La primera circunstancia por
no decir obstáculo y recaer en lo repetitivo, es que precisamente no tuve agua
ese mismo día, por un momento se cruzó por mi cabeza la idea de salir desnudo a
la calle y pedir un baño prestado, el de mi vecina, la rubia de ojeras
prolongadas, senos perfectamente levantados a la altura de su cuello, curvas
como carreteras que iban directamente al infierno. Como hechos que se desencadenan el acto anterior podría llevarme a un juzgado en
el que seguramente me tildarían de loco y me imputarían los cargos de
exhibicionista; en todo caso no tendría el dinero suficiente para costearme un
abogado que sepa de rubias y desnudos.
Giré la llave y en vez del líquido
cristalino cayó una nube de polvo que cubrió por completo mi rostro, la misma
que cubre con recelo las paredes de la casa. Me avivé entonces a poner en
práctica las clases de karate, salí dando botes hasta encontrar las escaleras,
me arrastré a ciegas por el barandal
tratando de esquivar el vértigo que me producen las mismas, así pues llegué
abatido hasta el sofá de terciopelo azul en el que yacía mi camiseta a cuadros.

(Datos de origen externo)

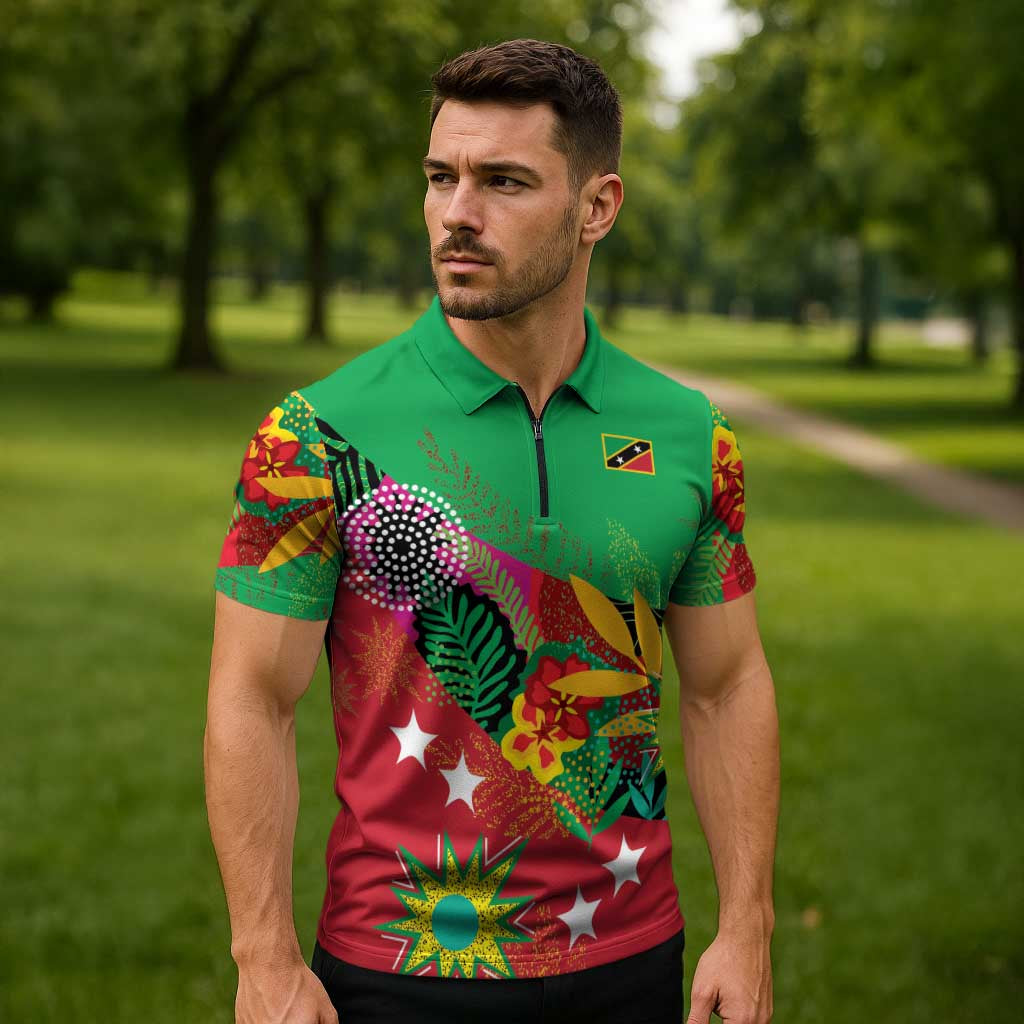 Custom Caribbean Cricket St Kitts and Nevis Zipper Polo Shirt Patriots Reign 2025 - Wonder Print Shop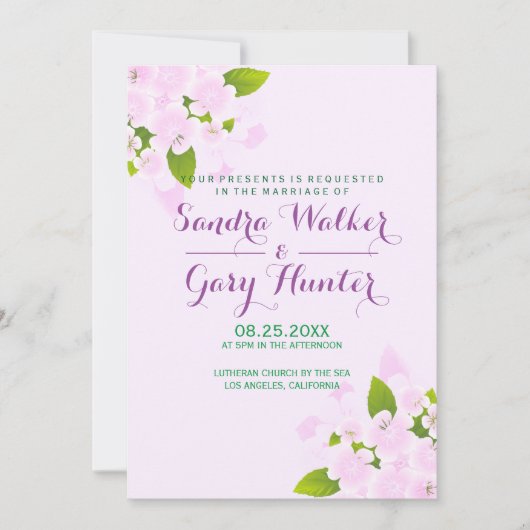 Invitation Fleurs roses sur fond rose clair de mariage (Devant)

Con un ligero movimiento de manos me la eché encima y apresuré a anidar los
doce botones perfectamente añadidos a la costura, no tuve más remedio que repetir
una y otra vez el mismo movimiento, pues nunca he sido bueno en eso de abotonar,
pero existen a quiénes éste procedimiento les resulta pan comido y lo adoptan
como un deporte.
Ese día, lunes, la lluvia
golpeaba rítmicamente el pavimento, pareciera que el cielo se consumaba. Afuera
y con el ánimo de tapar las grietas emergentes en el tejado, distribuidas por
todo el garaje una cantidad inimaginable de cubetas rebosadas de agua le hacían
pasarela a mi automóvil; mientras tanto yo buscaba las llaves del coche con el cual me abriría paso hasta el trabajo.
Las horas punzaban salvajemente
mi estómago, tenía tanta hambre que pude haberme comido las tres cuartas partes
de una vaca, la misma que en esos instantes danzaba ante mis ojos. No tuve el
tiempo suficiente para desayunar un merecido plato de huevos revueltos con una
pieza de pan, acompañado de una espumeante taza de chocolate, quizá esa sea la
causa de mi delirio, ni siquiera tuve el
tiempo que es requerido para afeitarme
la barbilla, y con eso lo digo todo.
Estoy seguro de que alguien
en estos momentos estaría deseando tener el trabajo que por desgracia yo poseo,
no es fácil en definitiva ser el asistente
de un alcalde, acompañarle durante todo
la mañana en sus reuniones absurdas de las que no sale ni un pedo, verle verter
por su hocico cantidades excesivas de cafeína, oírle toser nubes olorosas a cigarrillo
y mierda mientras se esfuerza por controlar el
párkinson; al final en un intento casi que heroico le observo firmar
tratados y leyes, acto seguido, se la lava las manos, camina hasta su camioneta
blindada y sigue como si nada hubiese pasado. Mientras mis meditaciones filosóficas
y políticas levemente se acercaban a una falacia, ví asomar bajo la cama el mango
de las llaves, me agaché para tomarlas y en eso oí como el pantalón se rompía
causando una abertura tan larga como la cordillera de los andes, en la que
fácilmente mi mano iba y venía sin problemas. Remendarlo me llevaría horas, de
eso estoy seguro, así que tuve que improvisar usando una bermuda del mismo
color para cubrir el penoso agujero.
Finalmente listo para partir,
sentado en el auto con un pie en cloche y otro en el freno giré la llave dos
veces a la derecha, no pasó nada, dos veces a la izquierda, no pasó nada,
golpeé abruptamente el volante y en eso escuche bramar el motor del carro,
adapté los tres espejos a mis ojos, solté el freno de mano y cuando estaba a
punto de salir pensé: Hoy es un muy bonito día para caminar.